Ces ouvrages sont très précisément documentés (dans le premier, 3 463 notes de référence, presque toujours d’archives originales stricto sensu; 2 148 dans le second, de même origine), et je ne saurais les résumer ici.
Les fonds 3 W de la Haute Cour de Justice, que je consulte depuis 2009 et surtout depuis septembre 2010 en vue de la rédaction d’un nouvel ouvrage, apportent d'ailleurs de nouvelles précisions, tant sur la synarchie que sur la Cagoule, et ce dans chaque dossier des ministres de Vichy. Une des cotes de l’énorme dossier de François Lehideux, 3 W 222, est entièrement consacrée à la synarchie ‑ qui, selon l’historiographie dominante française, n’existe pas, tandis que la Cagoule n’aurait d’intérêt que pour son « parfum de romantisme noir » (Henry Rousso, Libération, 31 mai 1991, « Les Cagoulards, terroristes noirs »), définitivement terrassée qu’elle aurait été en septembre 1937 : « mise au jour et décapitée quelques semaines » après son attentat du 11 septembre 1937 contre le siège de la CGPF, d'après Olivier Dard, Les années trente, Paris, Le Livre de Poche, 1999, p. 162.

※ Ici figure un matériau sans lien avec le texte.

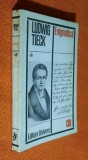 Ludwig Tieck - NUVELE * Enigmaticul, Muntele runelor, Poetul si prietenul sau, Nimicurile vietii * Traducere - Valeria Sadoveanu, prefata - T. Olteanu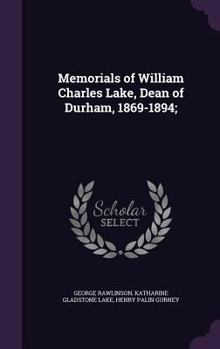 Memorials of William Charles Lake, Dean of Durham, 1869-1894;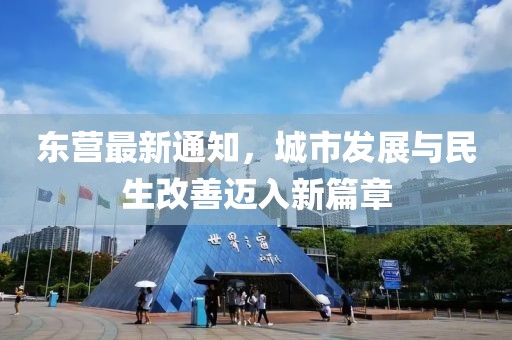 东营最新通知，城市发展与民生改善迈入新篇章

L’entourage de De Gaulle fut cagoulard, y compris les frères d'Astier de la Vigerie (RG, 11 octobre 1951, GA, D 1, Emmanuel d'Astier de la Vigerie, Archives de la Préfecture de police (APP)). Je n’ai trouvé en revanche aucune source établissant l’appartenance du général à la Cagoule, motif pour lequel je n’ai jamais cité son nom : l’approximation, le « sans doute », le « peut-être », etc., sont exclus en pareille matière. Quoiqu'il en soit, sa pratique l’a dissocié, à l’été 1940, de celle des cagoulards avérés et, que je sache, il n’a pas été candidat à la francisque.
La division de la Cagoule en patriotes d’emblée et collaborationnistes jusqu'au bout est très largement erronée, artificielle, complaisante et toujours appuyée sur une documentation a posteriori.: Nombre de « héros » présumés ont fini par choisir le camp de la Pax Americana ou ont travaillé pour l’Intelligence Service, mais, sauf exception qui ne saurait être démontrée que par des sources non a posteriori, pratiquement jamais en 1940. Autrement dit, cette catégorie n’a pas été antiallemande au moment crucial de l’application d’un plan passant par l’« intelligence avec l'ennemi » ou la « trahison », crime juridiquement défini, visé par les articles 75 et suivants du Code pénal, et passible de la peine de mort.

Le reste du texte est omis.